*EXCERPTED DATA*:
/---
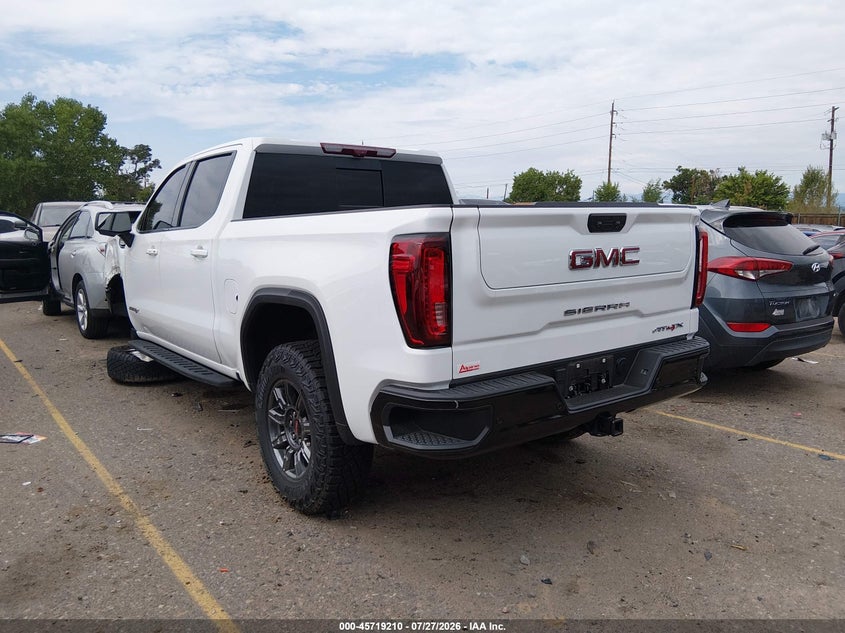 Vin: 3gtuufe87rg336762, lot: 46217892, gmc sierra 1500 4wd  short box at4x 20243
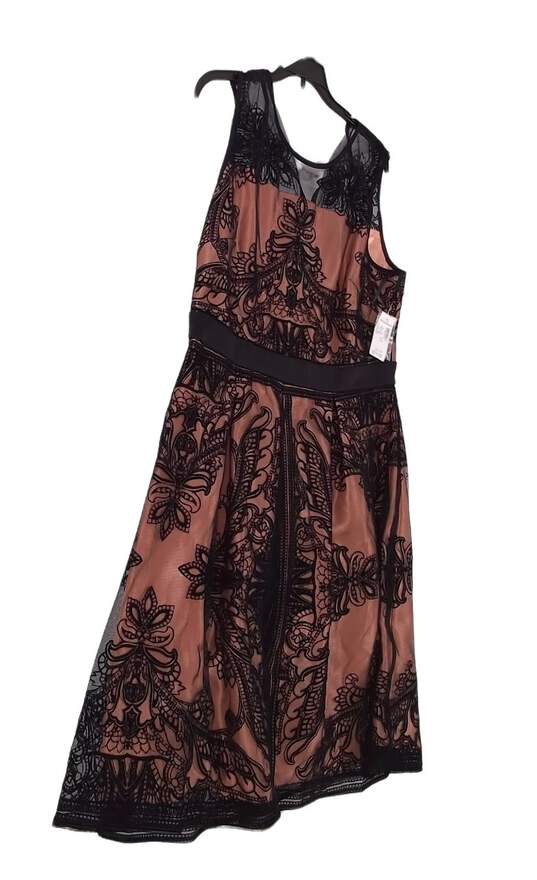 NWT Womens Black Sleeveless V Neck Casual Fit & Flare Dress Size 14 image number 3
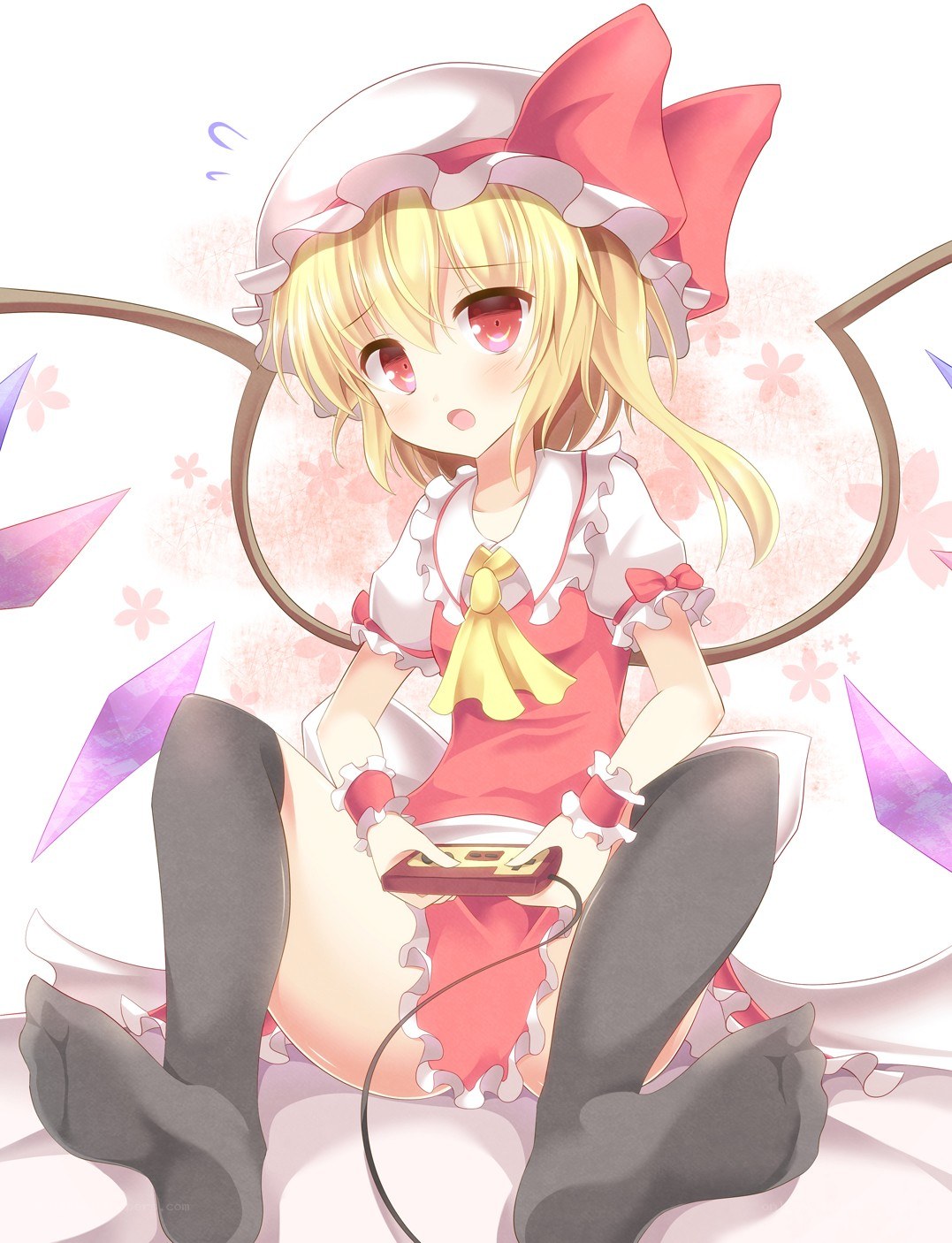 anime girl with game controller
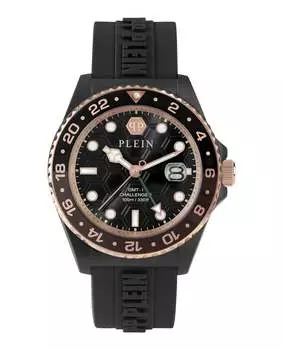 Силиконовые часы GMT-I Challenger PHILIPP PLEIN, цвет black/two tone/black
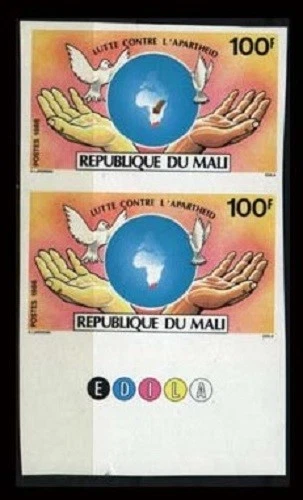 LOTE Malí Imperfs Sc 40 41x2 45 a 47 55 a 57 otros en muy buen estado ver DESCRIPCIÓN ESCANEO  Foto 4 de 4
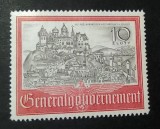Polonia ocupata-Generalgouvernement 10 Złoty 1940 &ndash; Castel medieval, timbru MNH - A40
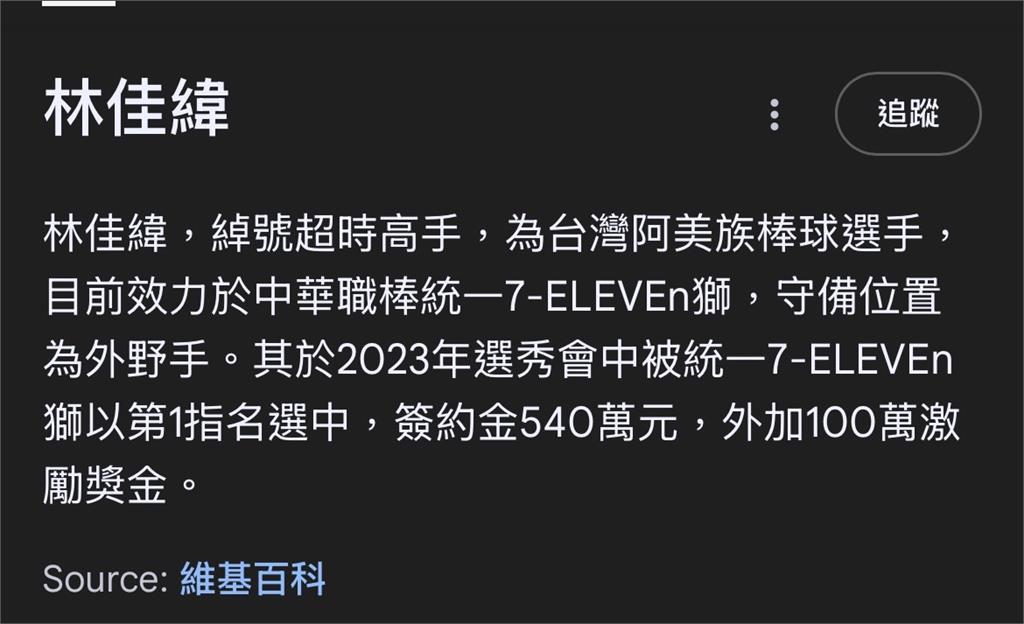 經典賽／連續兩場打擊30秒違規　林佳緯維基被竄改遭酸超時高手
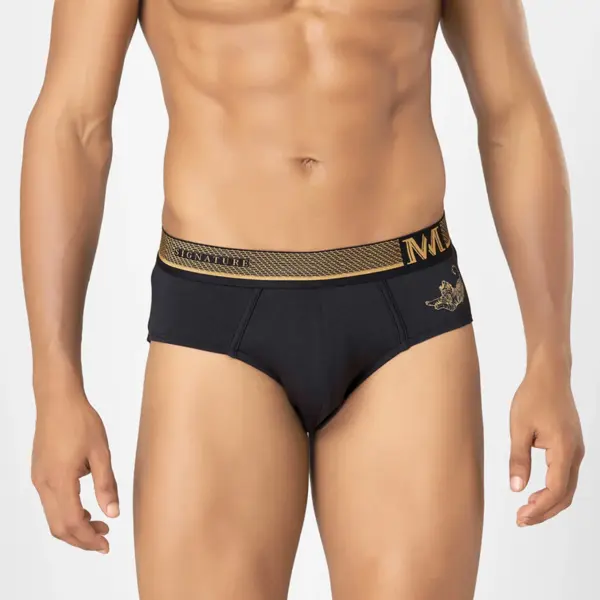 Men's Solid Briefs in Supima Cotton & Modal Blend with Stretch Fit, Soft Feel, Cool Touch and Ultra Soft Waistband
\---
Every entry above should be duplicated exactly. Do not include the images.

 Vin: 3gtuufe87rg336762, lot: 46217892, gmc sierra 1500 4wd  short box at4x 20243
 NWT Womens Black Sleeveless V Neck Casual Fit & Flare Dress Size 14 image number 3
 anime girl with game controller
 Силиконовые часы GMT-I Challenger PHILIPP PLEIN, цвет black/two tone/black
 LOTE Malí Imperfs Sc 40 41x2 45 a 47 55 a 57 otros en muy buen estado ver DESCRIPCIÓN ESCANEO  Foto 4 de 4
Polonia ocupata-Generalgouvernement 10 Złoty 1940 &ndash; Castel medieval, timbru MNH - A40
 經典賽／連續兩場打擊30秒違規　林佳緯維基被竄改遭酸超時高手
 Men's Solid Briefs in Supima Cotton & Modal Blend with Stretch Fit, Soft Feel, Cool Touch and Ultra Soft Waistband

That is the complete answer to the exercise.